You are viewing a plain text version of this content. The canonical link for it is here.

Posted to user@pig.apache.org by Renato Marroquín Mogrovejo <re...@gmail.com> on 2010/10/24 22:14:33 UTC

Using data with Zebra

Hi there, I have some doubts about zebra usage.
The thing is that all my data is already in HDFS, and want to use the zebra
storers and loaders, but I don't want to reprocess all my data just to get
the .meta, .schema and the .btschema files, and by the way how are those
files related? I mean they all keep file's metadata, right?
Is there any way I can create the necessary files to use zebra's loaders and
storers functionality? Any advice or suggestion is highly appreciated.
Thanks in advanced.


Renato M.

Re: Using data with Zebra

Posted by Renato Marroquín Mogrovejo <re...@gmail.com>.

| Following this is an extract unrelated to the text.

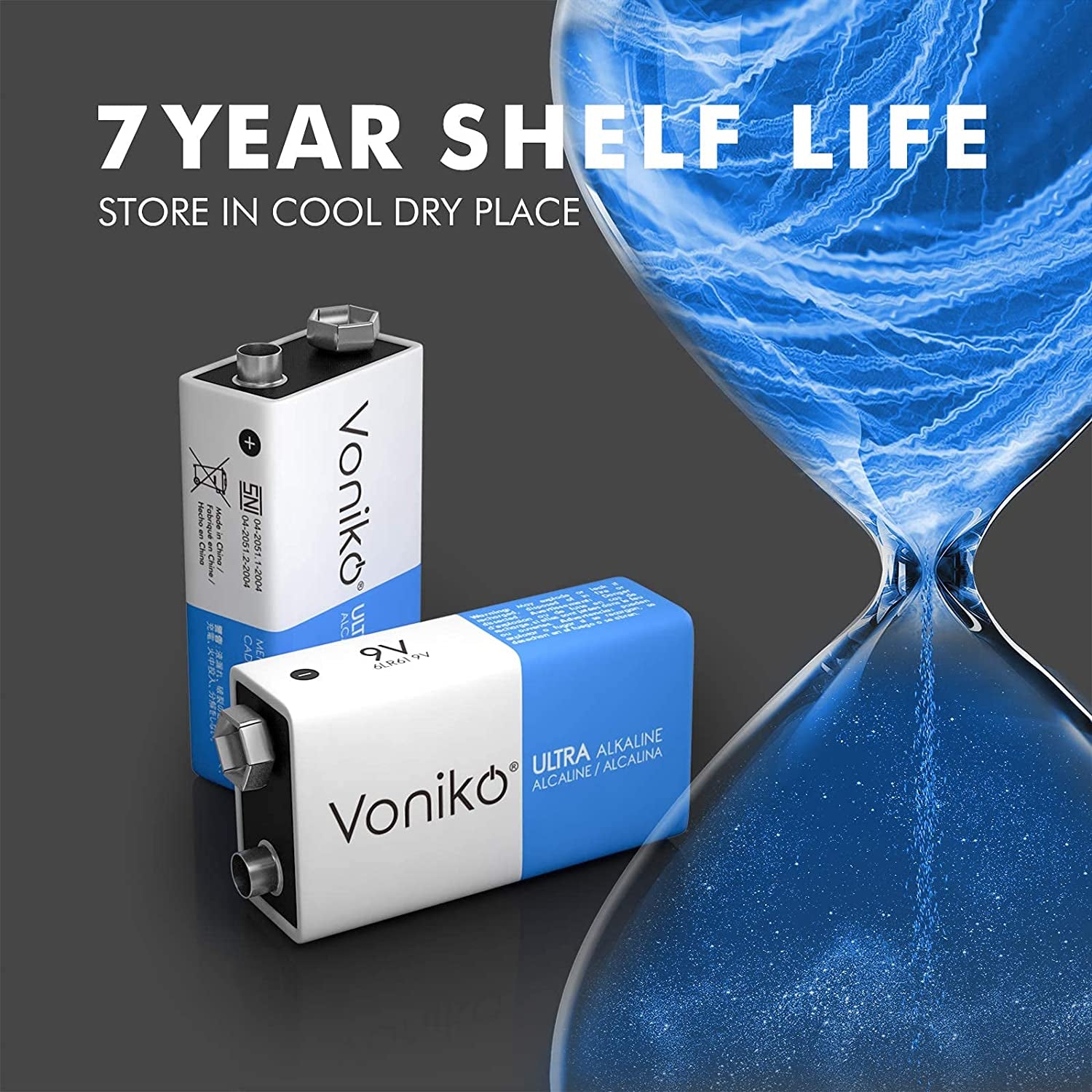 9V Batteries - Alkaline 9V Battery 4 Pack - Ultra Long Lasting with a 7 - Year Shelf Life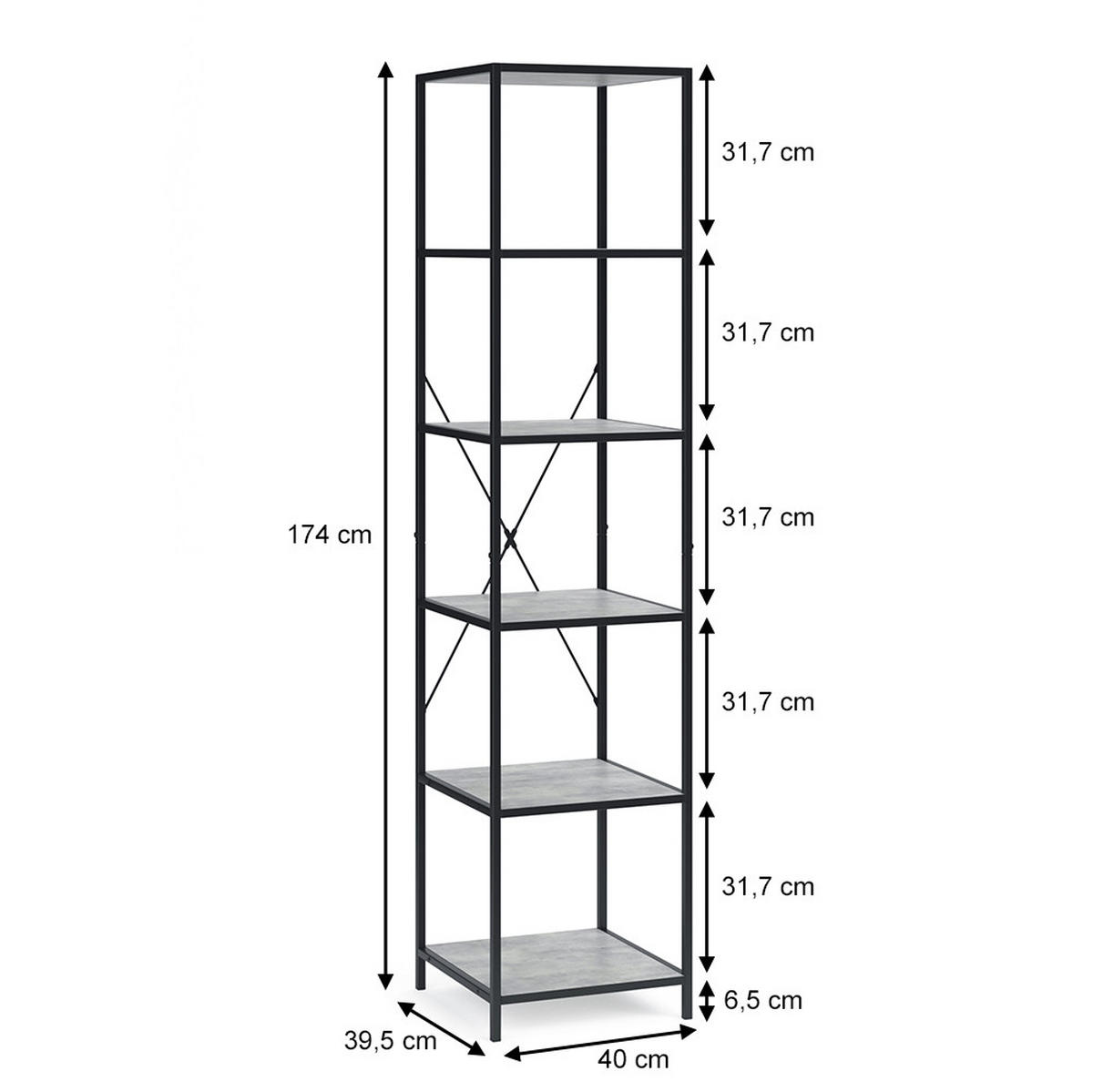 RAUMTEILER Fyrk Beton 40 x 174 cm - Schwarz/Grau, Holzwerkstoff (40/174/39.5cm) - Vicco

Thanks for the pointers Yan!

Renato M.

2010/10/27 Yan Zhou <ya...@yahoo-inc.com>

>  If you can not change your input data generation process to generate
> input directly in Zebra, I can’t see any alternative than two sets of data.
>
>
>
> Regarding generating Zebra data, Pig is simpler than raw map/reduce and the
> performance should be fine too, provided there is a PIG loader for your
> input data format.
>
>
>
> Yan
>
>
>  ------------------------------
>
> *From:* Renato Marroquín Mogrovejo [mailto:renatoj.marroquin@gmail.com]
> *Sent:* Wednesday, October 27, 2010 9:29 AM
> *To:* Yan Zhou; user@pig.apache.org
> *Subject:* Re: Using data with Zebra
>
>
>
> Thanks Yan!
>
> Just a couple of questions. The thing is that I have too much data just to
> delete it and reprocess it all, and if I would reprocess all my hdfs data,
> then I will generate the same amount of data duplicated, one with Zebra and
> one with regular hdfs data. What would be the best approach that you would
> suggest? and would it be better to use Pig or raw MapReduce?
>
> Renato M.
>
> 2010/10/25 Yan Zhou <ya...@yahoo-inc.com>
>
> .schema is column group's schema file; .btschema is Zebra table's schema
> file; .meta is column group's index file.
>
> The bottom line is that they are all internal files maintained by Zebra and
> users should not access or manipulate them directly. Also, the storage
> format by Zebra is probably different from that used by you data already on
> HDFS.
>
> In summary, you have to use Zebra to generate Zebra data and no other data
> format can be used by Zebra.
>
> Yan
>
>
> -----Original Message-----
> From: Renato Marroquín Mogrovejo [mailto:renatoj.marroquin@gmail.com]
> Sent: Sunday, October 24, 2010 1:15 PM
> To: user@pig.apache.org
> Subject: Using data with Zebra
>
> Hi there, I have some doubts about zebra usage.
> The thing is that all my data is already in HDFS, and want to use the zebra
> storers and loaders, but I don't want to reprocess all my data just to get
> the .meta, .schema and the .btschema files, and by the way how are those
> files related? I mean they all keep file's metadata, right?
> Is there any way I can create the necessary files to use zebra's loaders
> and
> storers functionality? Any advice or suggestion is highly appreciated.
> Thanks in advanced.
>
>
> Renato M.
>
>
>

RE: Using data with Zebra

Posted by Yan Zhou <ya...@yahoo-inc.com>.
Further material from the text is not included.